EXERCISE — Exclude the pictures. Transcribe exactly, and only, the lines from the one holding "This Car Is" to the end of the material below.

DATASET EXTRACT —

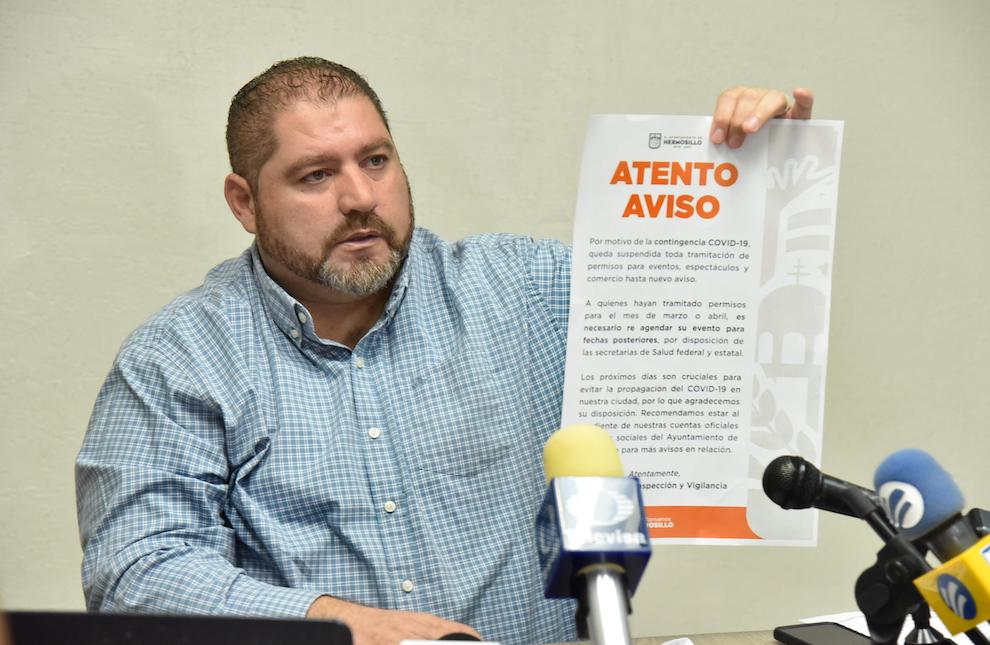 Se posponen eventos masivos durante contingencia del Coronavirus: Inspección y Vigilancia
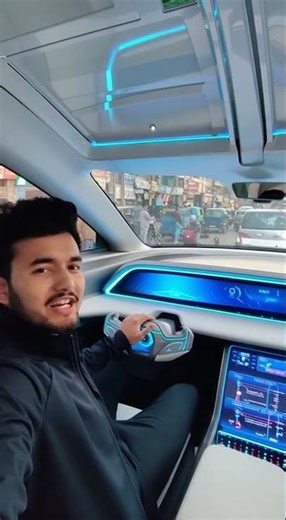 This Car Is So Tall You Need Stairs To Climb Inside! 🤯🚗 #supercar #crazyinvention #viralshorts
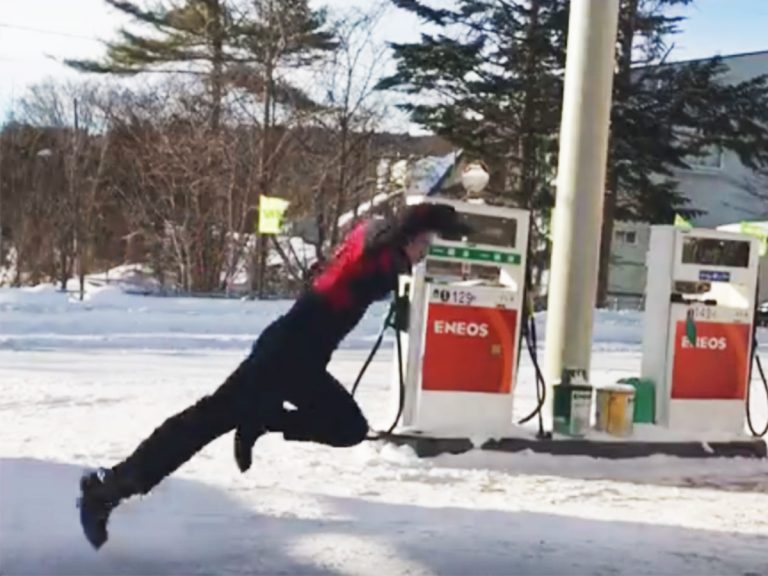 Japanese gas station attendant’s winter tire safety video goes viral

REPLY —
 This Car Is So Tall You Need Stairs To Climb Inside! 🤯🚗 #supercar #crazyinvention #viralshorts
 Japanese gas station attendant’s winter tire safety video goes viral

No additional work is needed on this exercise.